▸ Dataset section:
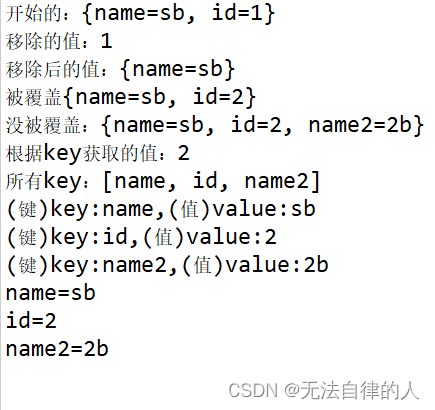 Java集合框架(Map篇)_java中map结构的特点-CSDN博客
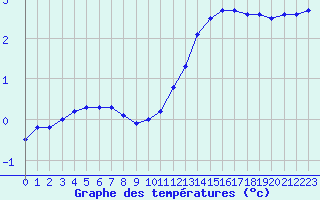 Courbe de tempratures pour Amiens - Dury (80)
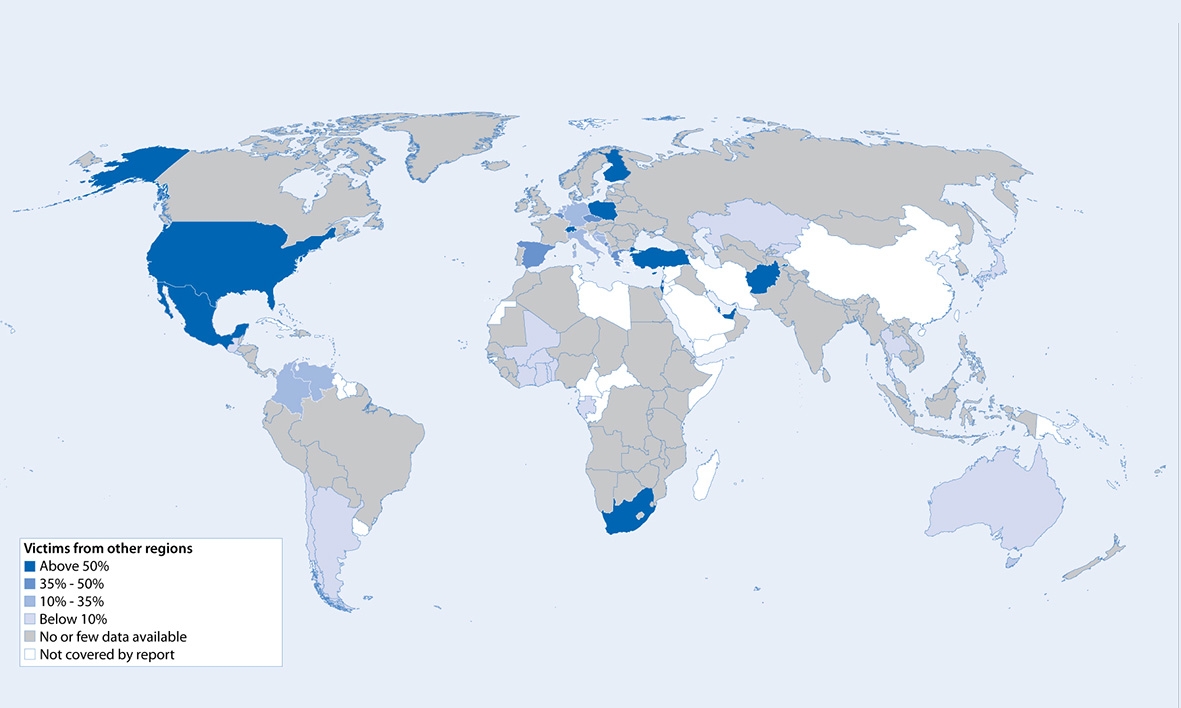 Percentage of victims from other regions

▸ Your goal: Print the full listing above again with exact wording and no images.

▸ Result of the exercise:
 Java集合框架(Map篇)_java中map结构的特点-CSDN博客
 Courbe de tempratures pour Amiens - Dury (80)
 Percentage of victims from other regions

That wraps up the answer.